▶ _PROBLEM TO SOLVE_
Word for word, print out all of the data, omitting every image.

▶ _SUPPLIED MATERIAL_
= = = = = = =

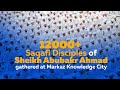 Isnad 23  saquafi scholars summit  highlights  markaz knowledge city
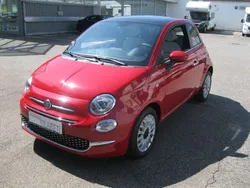 Rot Gebraucht 2023 Fiat 500 Dolcevita Kleinwagen | 14.799 € (Fairer Preis)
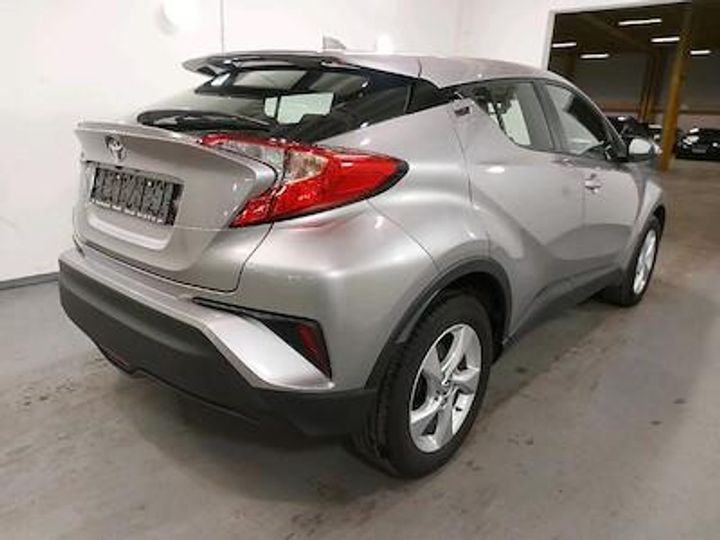 Photo 4 VIN: NMTKY3BX90R048704 - TOYOTA C-HR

= = = = = = =

▶ _SOLUTION TO THE EXERCISE_
 Isnad 23  saquafi scholars summit  highlights  markaz knowledge city
 Rot Gebraucht 2023 Fiat 500 Dolcevita Kleinwagen | 14.799 € (Fairer Preis)
 Photo 4 VIN: NMTKY3BX90R048704 - TOYOTA C-HR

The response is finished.